As part of an ongoing initiative to bring new experiences into the car, we recently launched Cerence Pay, a new app for mobility assistants that allows drivers to purchase things like coffee or gas while driving. As the app’s lead user experience (UX) designer, one of the first things I asked myself when embarking upon this project was whether such an idea would be valuable to users. I have to admit, I was pretty skeptical. It’s already easy to tap a credit card or use a phone e-wallet, so above and beyond existing payment tools, how could a voice-controlled e-wallet add new value for drivers? To ground my creative process in real driver feedback, I launched a series of user surveys, interviews, and prototypes to understand if and why drivers would adopt a new payment concept in the car.

The results provided an intriguing insight.

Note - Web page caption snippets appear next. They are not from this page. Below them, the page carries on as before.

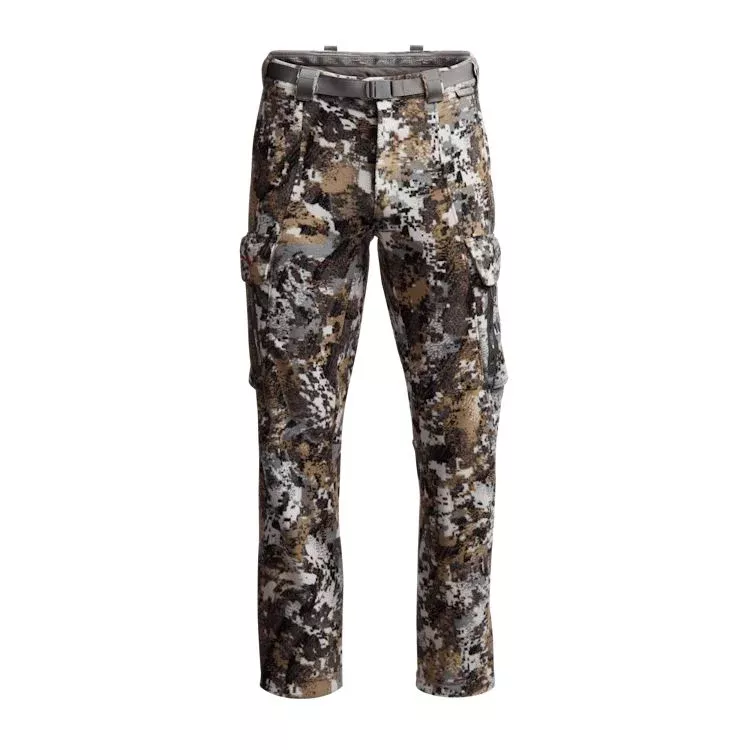 Sitka Stratus Pant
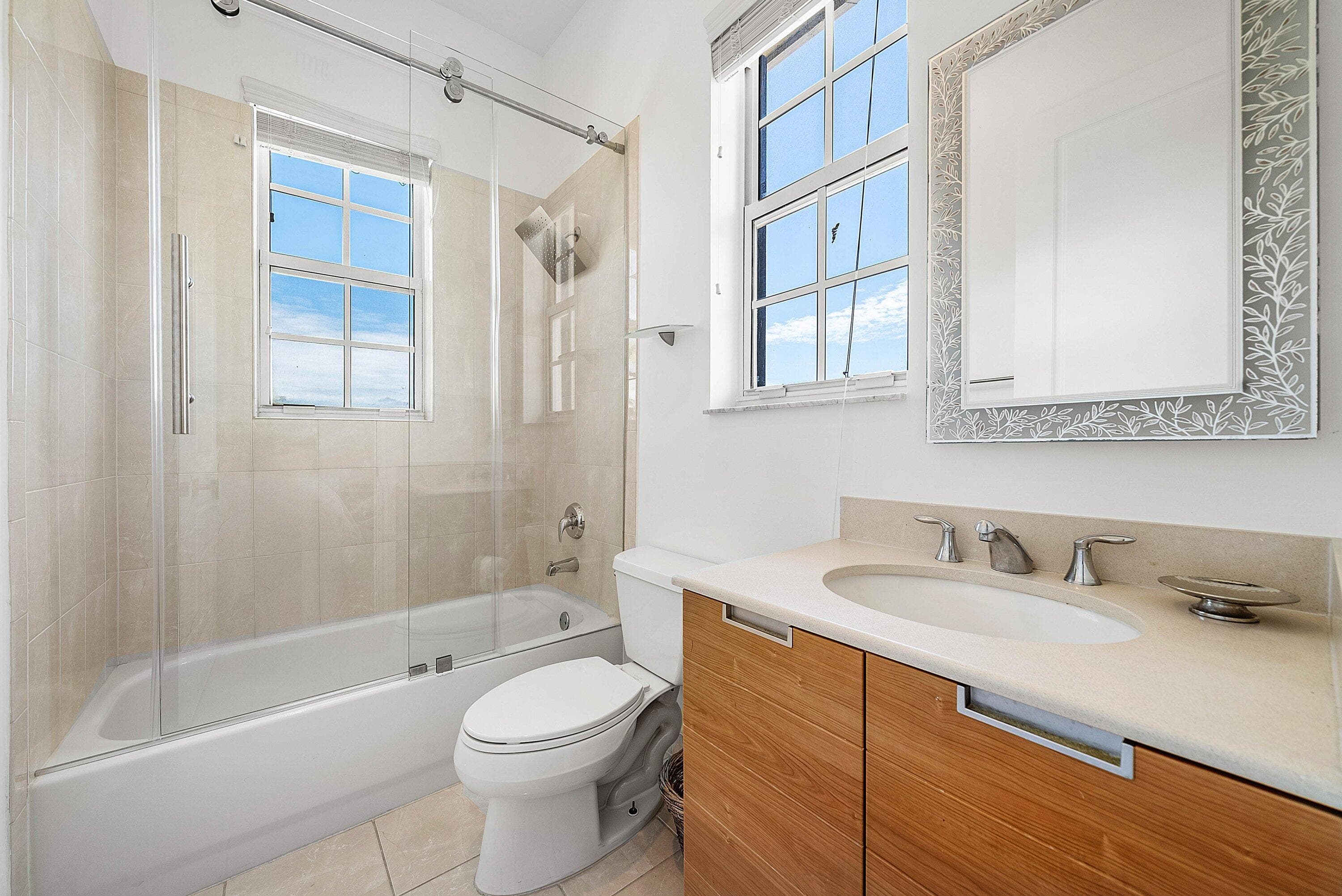 150 NE 6th Avenue P, Delray Beach, FL 33483 — photo 29 of 50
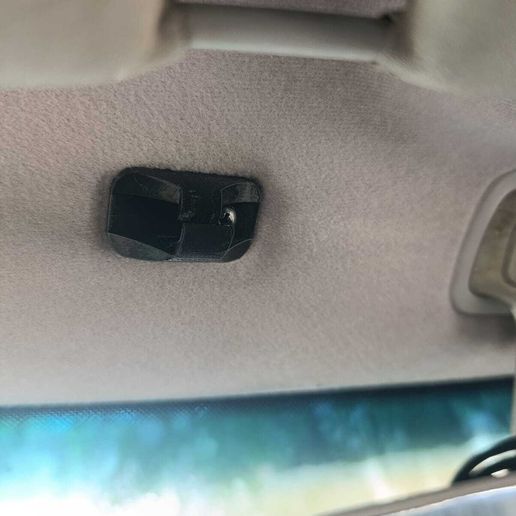 WhatsApp-Image-2025-12-30-at-3.20.19-PM.jpeg Soporte Parasol Gol AB9 G2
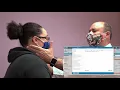 Remote Medical Scribe Demo - ScribeEMR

Preliminary data from North American and European drivers suggested that most users are fairly interested in trying in-car payments by voice. In an online survey of 113 drivers, 51% selected voice as the preferred way to make purchases while in the car. When asked to explain their choice, participants stated that interfacing with their vehicle seemed quicker and easier than using a machine or a cashier. Paying in your car means you don’t have to wait in lines or fuss around with change. It also provides an alternative should you forget your phone and wallet at home.

Cerence Pay


But the most compelling insight from participants was their belief that a voice assistant could uniquely bring highly desirable context into their purchasing decisions. We make thousands of choices every day.  The context under which we make these decisions is nuanced by our personal situations, mindsets, and understanding of the system at hand.   Let’s say I’m buying tickets for an experience at a museum. Considering my personal schedule on that particular day, I might arrive 15 minutes late for my allotted timeslot. If I don’t arrive on time, will I still be allowed to participate? The answer to that question may change what and if I decide to make a purchase. 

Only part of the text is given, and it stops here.